Landlord Legal Obligations: What the Law Actually Requires
Before choosing a system, every landlord needs to understand the legal baseline — because getting it wrong is not just a complaint waiting to happen. It is a liability.
Under the Landlord and Tenant Act 1985, landlords in England and Wales are required to keep the installation for space heating and hot water supply in repair and proper working order. This includes boilers, pipes, radiators, and any fixed heating appliance. A landlord cannot contract out of this obligation — even if the tenancy agreement says otherwise.
The Homes (Fitness for Human Habitation) Act 2018 strengthens this further. A rental property must be fit for human habitation at the start of, and throughout, the tenancy. A broken or inadequate heating system is a Category 1 hazard under the Housing Health and Safety Rating System (HHSRS) and renders a property unfit. Tenants can take landlords to the First-tier Tribunal — and courts have awarded rent repayment orders of up to 12 months' rent in heating-related cases.

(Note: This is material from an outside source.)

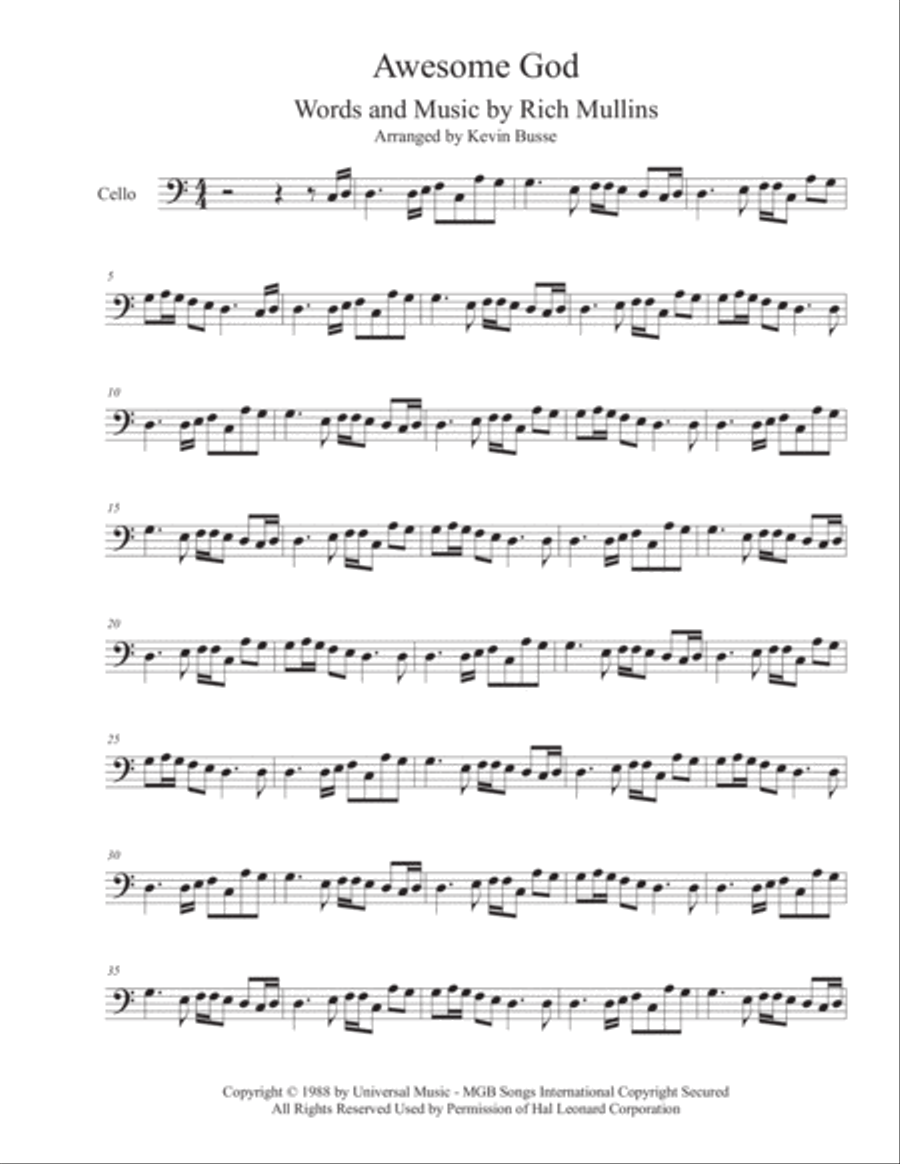 Awesome God Cello Solo scores gallery preview page 1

HHSRS guidance states that a property should be capable of being heated to 21°C in the main living area and 18°C in other occupied rooms when the external temperature is −1°C. This typically requires a full central heating system for a standard family home — not just plug-in electric heaters.
In Scotland, landlords must comply with the Repairing Standard, which requires that every room used for living or sleeping has adequate fixed heating. The Scottish Government's Energy Efficiency Standard for Social Housing (EESSH2) and forthcoming Private Rented Sector standards are among the most stringent in the UK — see the Scotland section below for detail.

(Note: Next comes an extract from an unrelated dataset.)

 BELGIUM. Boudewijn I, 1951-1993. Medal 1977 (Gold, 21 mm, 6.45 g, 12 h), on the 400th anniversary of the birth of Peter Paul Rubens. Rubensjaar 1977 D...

In Northern Ireland, the Private Tenancies (Northern Ireland) Order 2006 places similar obligations on landlords to maintain heating installations, though enforcement mechanisms differ from England and Wales.
Enforcement routes include: tenant applications to the Housing Ombudsman or First-tier Tribunal, local authority Environmental Health investigations, civil claims for damages (loss of amenity, health impacts), rent repayment orders of up to 12 months' rent, and — in extreme cases of intentional neglect — criminal prosecution under the Housing Act 2004. The financial and reputational risk of heating neglect is substantial.
EPC Rules 2026: The Deadline Every Landlord Needs to Know
The Energy Performance Certificate (EPC) is central to a landlord's heating decision in 2026 — and not just for compliance. An EPC rating directly affects how attractive a property is to prospective tenants, how affordable it is to heat, and how much it is worth.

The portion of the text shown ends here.